Short descriptive text snippets
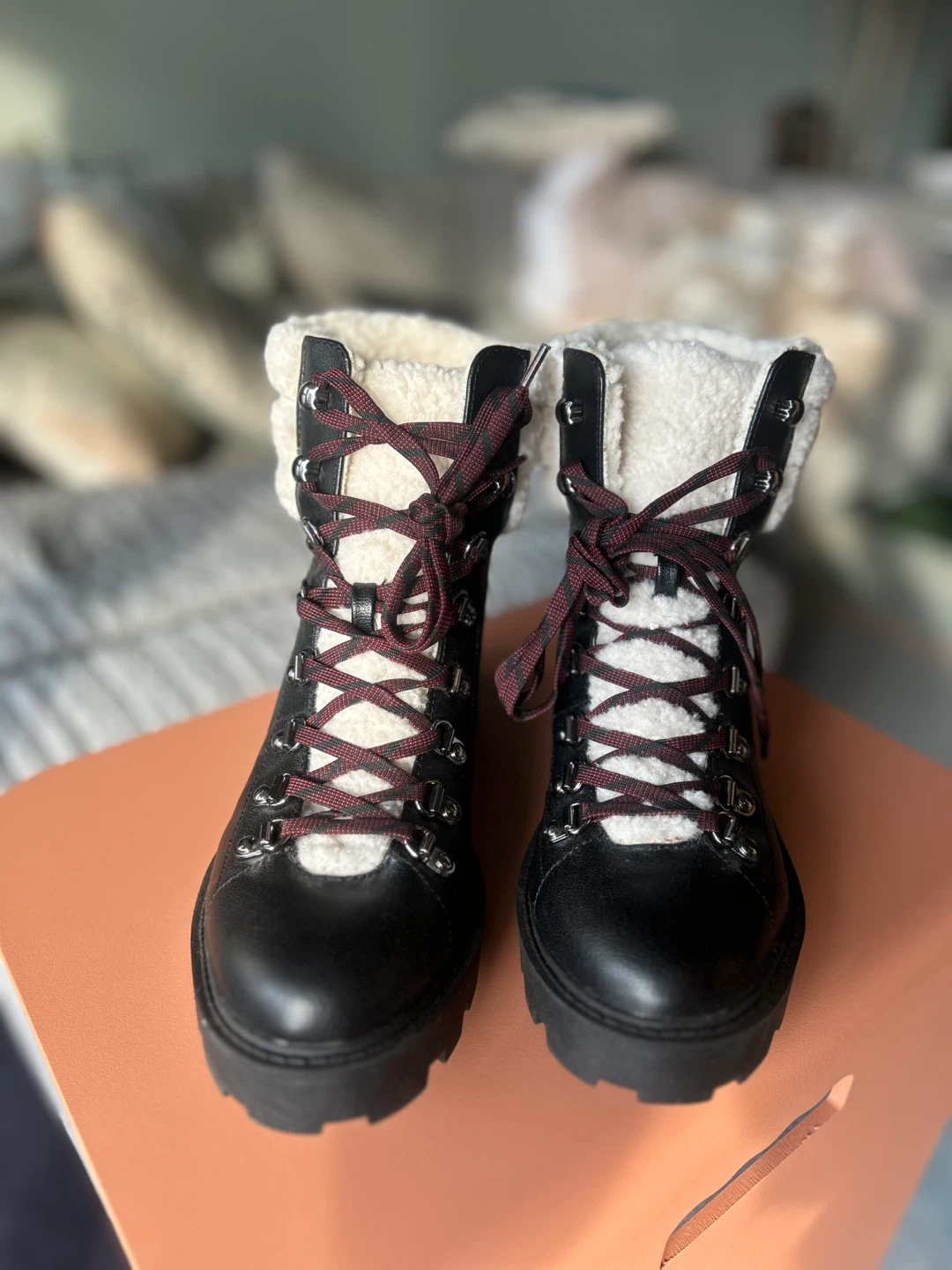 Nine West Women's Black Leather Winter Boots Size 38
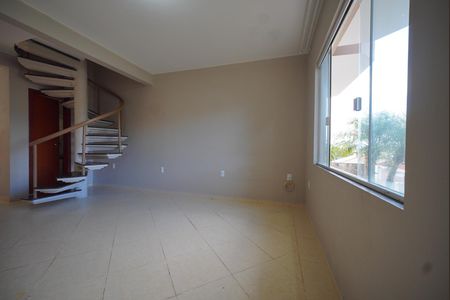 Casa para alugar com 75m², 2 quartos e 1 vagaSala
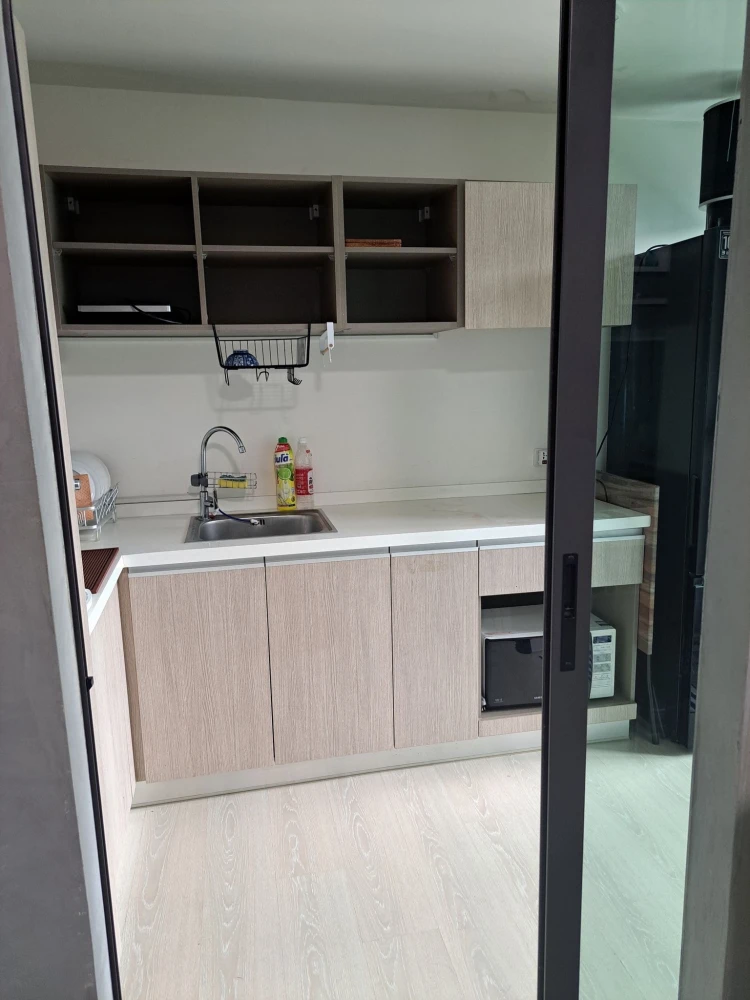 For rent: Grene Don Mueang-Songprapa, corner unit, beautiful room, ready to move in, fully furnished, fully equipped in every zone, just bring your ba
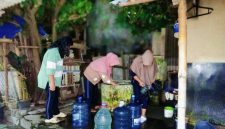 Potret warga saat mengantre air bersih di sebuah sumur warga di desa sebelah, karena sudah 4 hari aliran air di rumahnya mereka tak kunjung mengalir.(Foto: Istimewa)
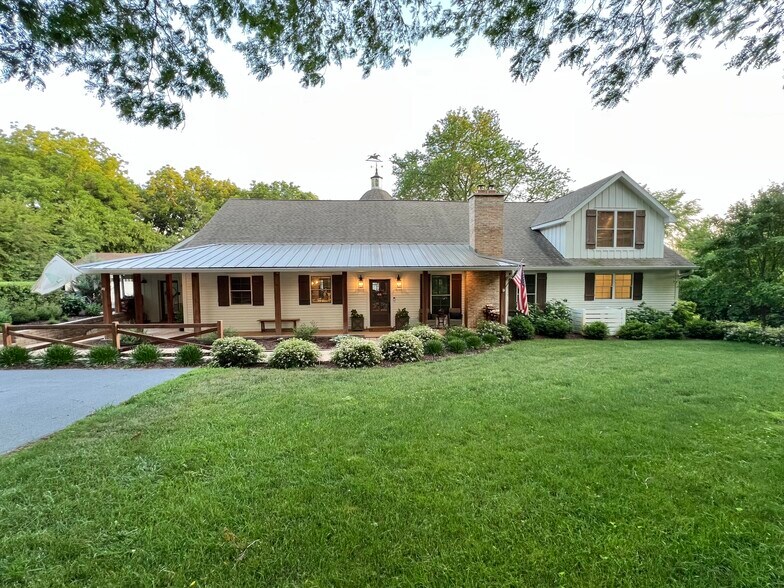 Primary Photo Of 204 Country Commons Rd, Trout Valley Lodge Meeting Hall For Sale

Activity
Begin at the first line of the data above and repeat each line exactly, stopping after the line containing "For rent: Grene". Omit the pictures.

Response to the task
 Nine West Women's Black Leather Winter Boots Size 38
 Casa para alugar com 75m², 2 quartos e 1 vagaSala
 For rent: Grene Don Mueang-Songprapa, corner unit, beautiful room, ready to move in, fully furnished, fully equipped in every zone, just bring your ba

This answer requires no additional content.